Neither of these is difficult. In both cases the numerator and denominator functions are non-zero and continuous at the limit points. So just plug in the x values.

-Dan

5. Hello, sbsite!

I think I have the last part of #12 . . .

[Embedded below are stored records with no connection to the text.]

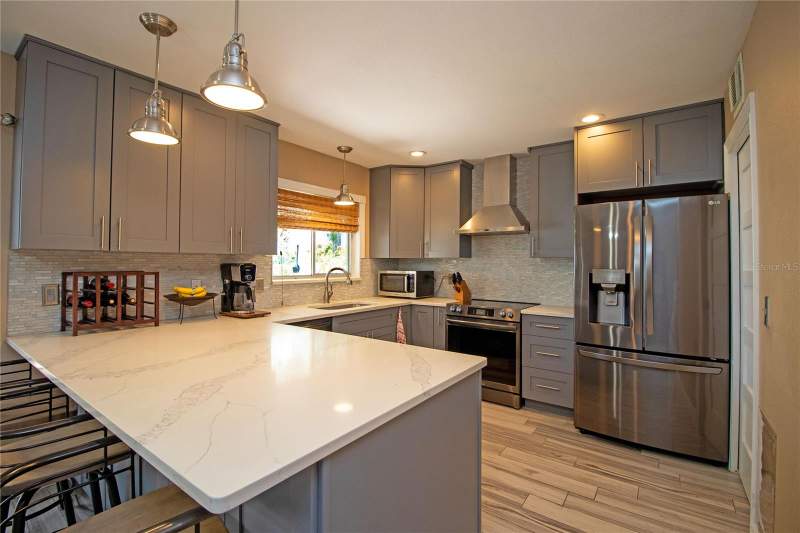 3 bedroom Condominium at 1640 Cape Hope Avenue #2, Mariners Pass, St Petersburg — photo 3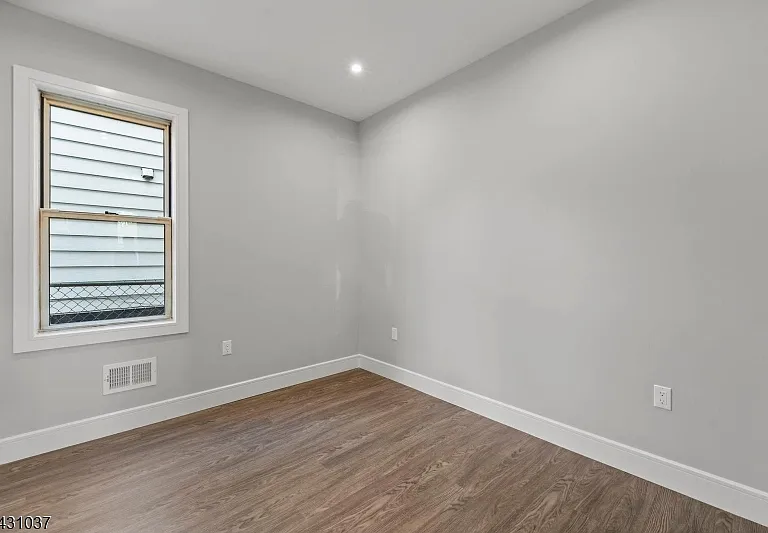 59 Locust Ave #2R — Photo 5
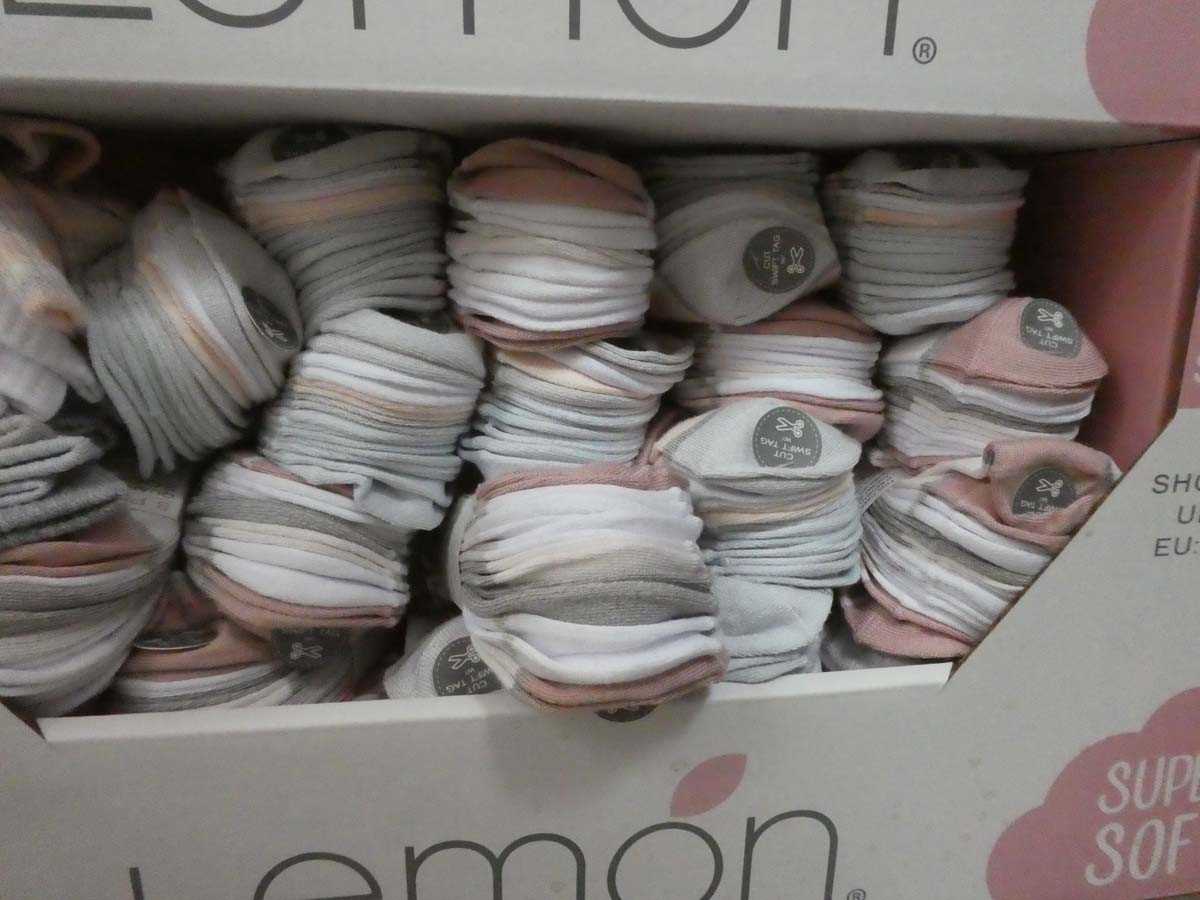 Lot 1228 - A box containing a large qty of ladies Lemon...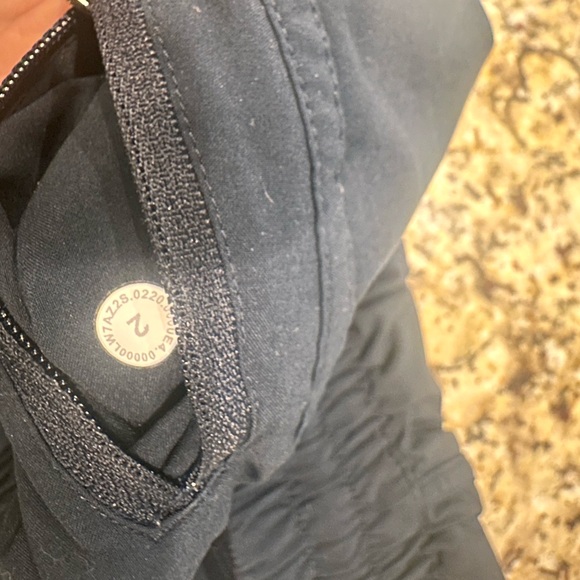 Navy Lulu tracker shorts size 2 - Picture 8 of 9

$\displaystyle (1)\;\lim_{x\to0^+}\frac{1 + 10^{-\frac{1}{x}}}{2 - 10^{-\frac{1}{x}}} \qquad (2)\;\lim_{x\to0^-}\frac{1 + 10^{-\frac{1}{x}}}{2 - 10^{-\frac{1}{x}}} \qquad (3)\;\lim_{x\to0}\frac{1 + 10^{-\frac{1}{x}}}{2 - 10^{-\frac{1}{x}}}$

Let $\displaystyle y \,= \,\frac{1}{x}$ . . When $\displaystyle \begin{array}{cc}x\to0^+,\;y\to+\infty \\ x\to0^-,\;y\to-\infty\end{array}$

(1) We have: .$\displaystyle \lim_{y\to\infty}\frac{1 + 10^{-y}}{2 - 10^{-y}} \;=\;\lim_{y\to\infty}\frac{1 + \frac{1}{10^y}}{2 - \frac{1}{10^i}} \;=\;\frac{1 + 0}{2 - 0} \;=\;\boxed{\frac{1}{2}}$

(2) We have: .$\displaystyle \lim_{y\to\text{-}\infty}\frac{1 + 10^{-y}}{2 - 10^{-y}}$

. . Multiply top and bottom by $\displaystyle 10^y\!:\;\;\lim_{y\to\text{-}\infty}\frac{10^y + 1}{2\!\cdot\!10^y - 1} \;=\;\frac{0 + 1}{2\!\cdot\!0 - 1} \;=\;\boxed{-1}$

(3) The left- and right-hand limits are unequal.
. . Therefore: .$\displaystyle \lim_{x\to0}\frac{1 + 10^{-\frac{1}{x}}}{2 - 10^{-\frac{1}{x}}}$ does not exist.

6. ## help??

[B]I still have problems with the two questions that indicated in red??
I need to solve this assignment until Sunday?
help??[/
B]
thanks

7. Originally Posted by sbsite
[b]I still have problems with the two questions that indicated in red??
I need to solve this assignment until Sunday?
help??[/B]
thanks
$\displaystyle \lim_{x \to 0} x^2 cos \left ( \frac{1}{x} \right )$

I think we can do this in a straightforward manner, but let's borrow Soroban's trick. I think it makes things a touch clearer:

Let $\displaystyle y = \frac{1}{x}$. Then
$\displaystyle \lim_{x \to 0} x^2 cos \left ( \frac{1}{x} \right ) = \lim_{y \to \infty} \frac{1}{y^2}cos(y)$

Now, even though $\displaystyle \lim_{y \to \infty} cos(y)$ doesn't exist, we know that the cosine function only varies between -1 and 1. So we can pretend that the limit does exist and is some finite number between -1 and 1. BUT $\displaystyle \lim_{y \to \infty} \frac{a}{y^2} = 0$ for any finite a. Thus:
$\displaystyle \lim_{x \to 0} x^2 cos \left ( \frac{1}{x} \right ) = \lim_{y \to \infty} \frac{1}{y^2}cos(y) = 0$

-Dan

8. Originally Posted by sbsite
[b]I still have problems with the two questions that indicated in red??
I need to solve this assignment until Sunday?
help??[/B]
thanks
Explaining this comes in two steps.

1. Translation. Given the graph of y = f(x), we know that the graph of y' = f(x - h) is a translation of the original graph by h units to the right. Similarly y' = f(x + h) is a translation of the original graph by h units to the left.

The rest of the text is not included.